A: Take this is in the spirit that it’s offered, which is light-hearted and understand that I know how valuable Lowry is but as I type this, their winning percentage without him is higher than with him.
But, no, there is no choice, I’d offer the max right off the bat and get it done.
I’m not gonna guess at summer roster machinations until this season is over but it would be wise to think Masai will be shopping around to make some changes and save some money and those two players are sure to come up in discussions.
Every time the Raptors make an acquisition of a key defensive player, he is always touted as the one guy who can guard the opposition’s best player. Several years ago, the player talked about in this manner was Terrence Ross. Then, when we acquired Carroll, he replaced Ross as that guy. Now, PJ Tucker is referred to as that guy. My question is, although it’s hard to quantify based on stats, in your opinion is Tucker that much better on the defensive end than Carroll, and subsequently Carroll than Ross, and if so, by how much?
As a follow up question, as good as the defensive abilities of the aforementioned players are, they are never mentioned in defensive player of the year talk. How far away are they from the elite defenders of the league, such as Jimmy Butler, Kawhi, and Lebron?
A: It is impossible to quantify. Tucker’s strength, to me, is his ability to guard multiple positions which allows the Raptors to deploy him all over the court and to switch pick and roll stuff which lessens the need to rotate and recover. In that regard, he is better than Carroll and Ross by a mile. Ross didn’t have the size or strength to guard other positions, Carroll doesn’t have the quickness to switch as much.
I don’t think, if you asked NBA people to be honest, that they are that far away from the perceived truly elite.
Q: Hi Doug
I enjoy your column on a daily basis, appreciate the insights and your “even keel” approach in a world that tends to overplay every positive and negative that comes by.
But, and you knew there was a but coming didn’t you, I’m noticing more and more misplaced words, wrong words, missing words, etc., in the stories. For example in today’s column I discovered “how how rewarded” coach Casey was. Was surprised that when Wright drove the baseline you “figured he go all the way to the rim” but changed his mind when he “saw too man bodies”. And I still can’t figure out who else you are referencing in the paragraph when talking about Poeltl when you say “he and Poeltl rebounded”. The kid is good but as far as I know there is only one of him.
Now I may be coming off as an old time nasty grammar nerd, but I know how much you respect your profession of journalism (loved the link to the Jimmy Breslin columns). But I don’t blame you at all. Having spent a good part of my life writing professionally, I know that a writer’s best friend is a proof reader. I also know that the state of journalism today probably doesn’t allow for the expense of proofing copy before its published and I think you and I would agree that is a shame.
So, I’ve got that off my chest and maybe given you something to pass along to the tall foreheads to let them know that people do notice and that it reflects poorly, not on the writer, but on the publication for not allocating appropriate resources.

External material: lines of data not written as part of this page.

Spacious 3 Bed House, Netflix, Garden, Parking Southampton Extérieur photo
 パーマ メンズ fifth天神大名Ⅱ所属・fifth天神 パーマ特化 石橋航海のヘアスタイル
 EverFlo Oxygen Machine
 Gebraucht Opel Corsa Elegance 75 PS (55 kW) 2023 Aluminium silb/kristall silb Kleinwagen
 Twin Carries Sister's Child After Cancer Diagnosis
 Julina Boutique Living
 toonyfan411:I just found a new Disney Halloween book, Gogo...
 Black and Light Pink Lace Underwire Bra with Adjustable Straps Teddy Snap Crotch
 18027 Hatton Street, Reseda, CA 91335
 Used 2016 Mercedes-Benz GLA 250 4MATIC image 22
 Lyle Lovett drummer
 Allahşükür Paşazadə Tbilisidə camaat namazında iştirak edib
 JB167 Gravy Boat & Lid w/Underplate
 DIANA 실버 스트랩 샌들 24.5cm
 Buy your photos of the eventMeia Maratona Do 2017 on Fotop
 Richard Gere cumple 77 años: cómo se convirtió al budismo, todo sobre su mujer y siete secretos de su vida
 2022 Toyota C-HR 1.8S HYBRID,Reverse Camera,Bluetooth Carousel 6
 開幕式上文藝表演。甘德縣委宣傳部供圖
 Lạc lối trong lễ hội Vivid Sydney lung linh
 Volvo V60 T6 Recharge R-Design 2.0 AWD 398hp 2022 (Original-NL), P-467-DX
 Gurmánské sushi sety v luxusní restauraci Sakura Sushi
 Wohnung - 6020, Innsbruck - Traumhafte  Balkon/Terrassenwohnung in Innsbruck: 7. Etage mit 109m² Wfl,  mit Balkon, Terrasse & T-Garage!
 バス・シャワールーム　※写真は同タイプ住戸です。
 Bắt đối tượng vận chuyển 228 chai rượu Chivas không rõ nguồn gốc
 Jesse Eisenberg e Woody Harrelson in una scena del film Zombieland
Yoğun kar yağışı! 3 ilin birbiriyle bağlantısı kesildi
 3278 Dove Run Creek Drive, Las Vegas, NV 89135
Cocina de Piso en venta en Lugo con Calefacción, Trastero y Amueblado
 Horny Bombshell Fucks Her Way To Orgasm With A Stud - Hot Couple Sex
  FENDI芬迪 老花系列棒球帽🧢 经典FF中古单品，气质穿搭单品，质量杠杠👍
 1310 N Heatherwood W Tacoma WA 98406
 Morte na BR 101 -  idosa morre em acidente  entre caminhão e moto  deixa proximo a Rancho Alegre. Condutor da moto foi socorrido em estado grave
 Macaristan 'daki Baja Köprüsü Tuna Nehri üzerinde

A: I’m going to take all the heat for Friday’s screw-ups. I re-read like I always do and either didn’t save the changes or missed them all. You’re right, I do take great interest in the use of the language and how correct grammar and spelling have become a lost art. It’s shameful and a pox on our educational system in some ways.
But you’re also right in that newspapers have slashed staff so dramatically that we’ve lost a layer of editing what was vital to our craft.
As a fellow Raps fan, I enjoy your articles and your refreshing spin on sports writing. Keep up the good work.
A: I appreciate the kind words but always keep in mind that the only things I ever cheer for are my stories and easy nights.